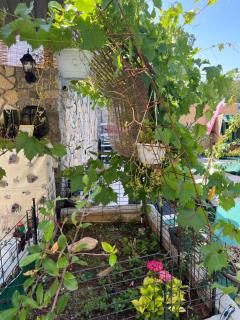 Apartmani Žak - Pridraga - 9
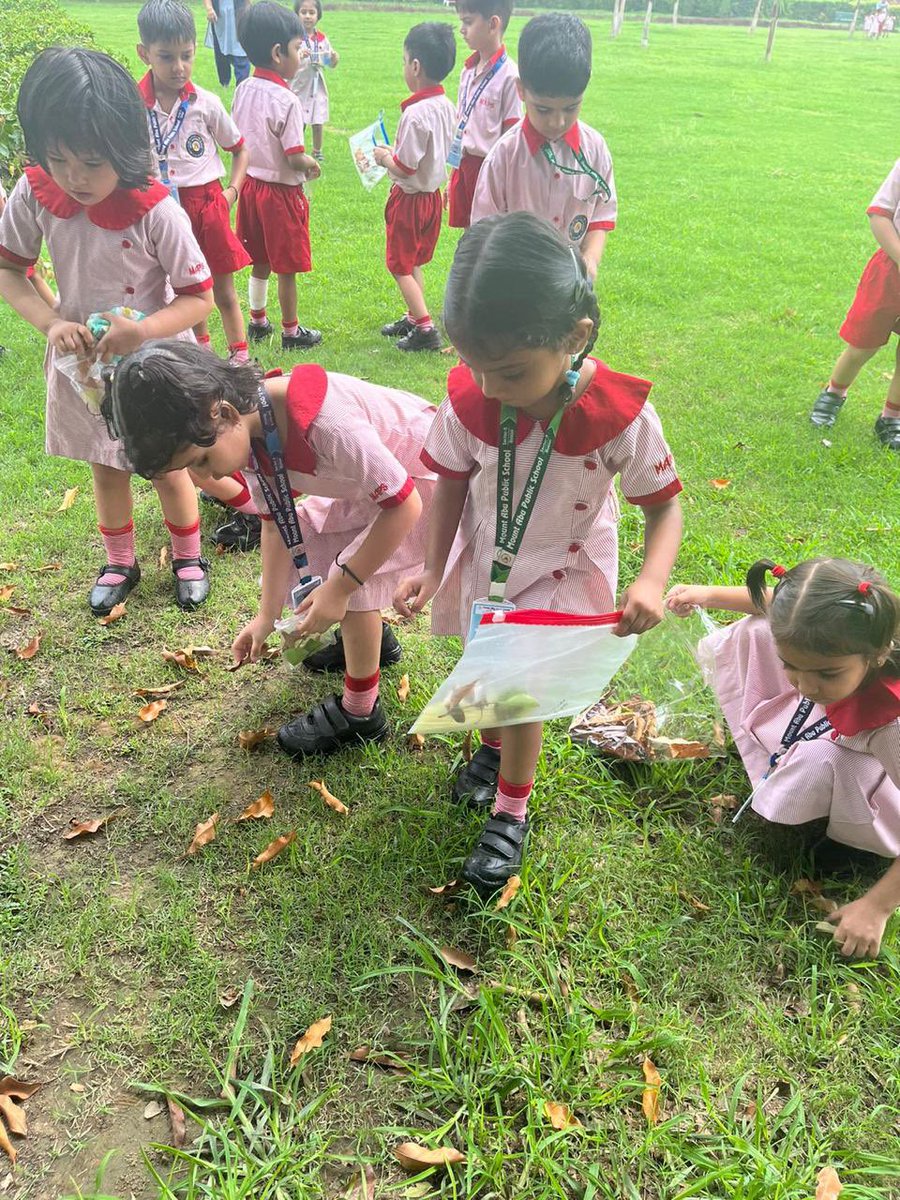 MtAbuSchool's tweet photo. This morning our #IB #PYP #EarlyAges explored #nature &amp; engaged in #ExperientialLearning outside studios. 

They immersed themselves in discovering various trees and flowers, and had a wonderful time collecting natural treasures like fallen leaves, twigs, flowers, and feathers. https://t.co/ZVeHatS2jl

* * *

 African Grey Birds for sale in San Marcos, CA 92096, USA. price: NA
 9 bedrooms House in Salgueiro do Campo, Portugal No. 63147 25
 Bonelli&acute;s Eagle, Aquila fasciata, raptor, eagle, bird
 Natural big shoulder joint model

* * *

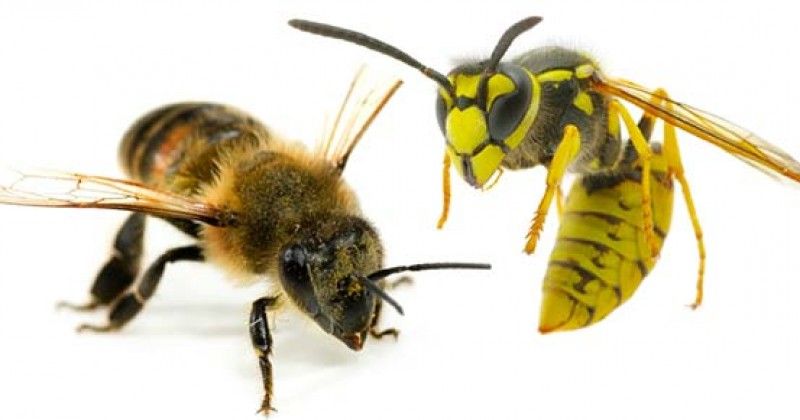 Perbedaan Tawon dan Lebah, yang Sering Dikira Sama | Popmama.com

Aim of the exercise: Leaving every picture aside, reproduce exactly the lines above from the one with "Apartmani Žak - Pridraga - 9" up to and including the one with "They immersed themselves", and no others.

Result of the exercise:
 Apartmani Žak - Pridraga - 9
 MtAbuSchool's tweet photo. This morning our #IB #PYP #EarlyAges explored #nature &amp; engaged in #ExperientialLearning outside studios. 

They immersed themselves in discovering various trees and flowers, and had a wonderful time collecting natural treasures like fallen leaves, twigs, flowers, and feathers. https://t.co/ZVeHatS2jl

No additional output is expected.